Netflix (NFLX) Stock: Post-Earnings Bubble or Justified Rally?
Netflix shares surge after Q1 earnings—but Wall Street’s love affair looks suspiciously like déjà vu.
Streaming giant beats subscriber targets... again. Analysts cheer. Shorts scramble. Meanwhile, valuation metrics scream ’overbought.’
Bull case: Content moat widens as competitors flounder. Bear case: This is peak ’FAANG nostalgia’—and those pricey algorithms won’t rewind the tape forever.
Bonus cynicism: If NFLX hits $700 again, expect another round of ’this time it’s different’ PowerPoints from the same folks who missed the 2022 crash.

Netflix Shares Q1 Earnings as Experts Update Their Outlook on the Stock
The US stock market stood firm Tuesday after a slight step back to start the week.
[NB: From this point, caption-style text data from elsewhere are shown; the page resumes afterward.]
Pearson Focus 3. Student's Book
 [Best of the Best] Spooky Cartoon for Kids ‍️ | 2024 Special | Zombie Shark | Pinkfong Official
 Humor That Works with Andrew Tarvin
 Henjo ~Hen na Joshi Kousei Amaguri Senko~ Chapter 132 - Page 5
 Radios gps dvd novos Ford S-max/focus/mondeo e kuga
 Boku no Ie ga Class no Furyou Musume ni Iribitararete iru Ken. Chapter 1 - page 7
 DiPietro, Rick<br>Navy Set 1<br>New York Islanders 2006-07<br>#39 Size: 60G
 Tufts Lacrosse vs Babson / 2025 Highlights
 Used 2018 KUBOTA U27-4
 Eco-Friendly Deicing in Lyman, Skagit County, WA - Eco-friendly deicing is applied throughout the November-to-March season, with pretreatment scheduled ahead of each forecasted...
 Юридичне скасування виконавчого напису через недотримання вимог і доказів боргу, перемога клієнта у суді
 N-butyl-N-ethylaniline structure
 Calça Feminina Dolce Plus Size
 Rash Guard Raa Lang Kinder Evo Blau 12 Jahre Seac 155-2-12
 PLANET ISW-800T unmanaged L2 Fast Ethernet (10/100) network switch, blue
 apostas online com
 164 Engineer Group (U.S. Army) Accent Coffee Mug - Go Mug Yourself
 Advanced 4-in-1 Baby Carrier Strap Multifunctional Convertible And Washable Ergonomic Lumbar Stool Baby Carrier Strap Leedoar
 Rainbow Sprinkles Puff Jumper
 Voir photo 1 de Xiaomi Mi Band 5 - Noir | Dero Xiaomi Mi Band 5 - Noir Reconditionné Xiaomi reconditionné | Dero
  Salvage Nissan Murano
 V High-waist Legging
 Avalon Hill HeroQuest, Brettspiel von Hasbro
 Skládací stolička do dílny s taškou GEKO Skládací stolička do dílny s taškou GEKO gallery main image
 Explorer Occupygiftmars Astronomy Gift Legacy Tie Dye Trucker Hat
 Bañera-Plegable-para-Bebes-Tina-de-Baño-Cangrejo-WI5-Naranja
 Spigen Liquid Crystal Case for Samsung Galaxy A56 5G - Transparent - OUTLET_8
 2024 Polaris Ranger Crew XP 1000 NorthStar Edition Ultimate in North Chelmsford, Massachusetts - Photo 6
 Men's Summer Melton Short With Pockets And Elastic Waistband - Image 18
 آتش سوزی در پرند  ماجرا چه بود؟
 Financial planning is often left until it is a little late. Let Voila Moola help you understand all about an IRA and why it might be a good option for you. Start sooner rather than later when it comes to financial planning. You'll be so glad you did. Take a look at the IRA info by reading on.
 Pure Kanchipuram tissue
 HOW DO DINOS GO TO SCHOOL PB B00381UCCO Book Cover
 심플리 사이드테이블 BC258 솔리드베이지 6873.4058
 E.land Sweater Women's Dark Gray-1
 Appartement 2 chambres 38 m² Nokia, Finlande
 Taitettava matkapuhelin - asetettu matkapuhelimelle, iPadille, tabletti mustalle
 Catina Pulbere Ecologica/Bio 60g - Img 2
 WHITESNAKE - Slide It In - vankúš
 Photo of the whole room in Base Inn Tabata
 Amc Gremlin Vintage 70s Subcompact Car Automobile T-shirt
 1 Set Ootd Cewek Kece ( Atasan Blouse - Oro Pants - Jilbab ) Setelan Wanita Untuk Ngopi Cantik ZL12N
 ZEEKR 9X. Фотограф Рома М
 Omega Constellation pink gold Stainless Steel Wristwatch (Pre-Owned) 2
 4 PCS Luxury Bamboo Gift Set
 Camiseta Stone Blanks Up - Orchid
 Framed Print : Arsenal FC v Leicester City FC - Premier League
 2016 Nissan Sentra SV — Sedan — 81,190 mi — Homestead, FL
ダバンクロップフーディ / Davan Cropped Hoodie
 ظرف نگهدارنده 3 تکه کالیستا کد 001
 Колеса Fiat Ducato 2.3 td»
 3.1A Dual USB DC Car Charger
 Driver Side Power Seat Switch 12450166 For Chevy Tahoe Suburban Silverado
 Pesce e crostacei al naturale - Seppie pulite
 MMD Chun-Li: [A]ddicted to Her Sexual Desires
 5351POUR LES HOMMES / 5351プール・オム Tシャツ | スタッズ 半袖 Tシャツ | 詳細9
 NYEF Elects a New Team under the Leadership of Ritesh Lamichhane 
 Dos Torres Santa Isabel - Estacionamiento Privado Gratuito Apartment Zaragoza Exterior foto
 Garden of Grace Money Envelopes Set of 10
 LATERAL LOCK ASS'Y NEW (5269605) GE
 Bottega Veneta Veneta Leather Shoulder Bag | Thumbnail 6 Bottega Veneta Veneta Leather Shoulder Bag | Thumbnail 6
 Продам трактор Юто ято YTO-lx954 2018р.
That came after the company had a firm rebound last week, after a month of declines. Altogether, the development reinforced the notion that volatility and inconsistency have been the prevailing themes for the market this year.
With some stocks struggling from macroeconomic pressure and import duty increases, the media sector is in a unique position. Subsequently, Netflix (NFLX) has emerged as the leader of the pack, with experts exploring if the stock is undervalued amid its most recent Q1 earnings report.
In its most recent post-earnings outlook update, Morningstar noted that Netflix stock was overvalued. Specifically, they have given the company a $720 per share long-term fair value estimate. Moreover, that has been increased compared to its previous $700 target, which would imply a 28 times multiple on its 2025 earnings per share forecast.
The firm projects a 10% average annual revenue growth over the next five years. Additionally, they expect margin expansion “as international markets mature and benefit from greater scale.”
The report does expect Netflix to remain strong in a market that others will struggle in. “We think Netflix will hold up well in a recession and won’t be significantly impacted by tariffs,” experts noted. However, they project “any material economic slowdown to put even further pressure on growth, making it difficult to justify the inflated multiples at which the stock trades.”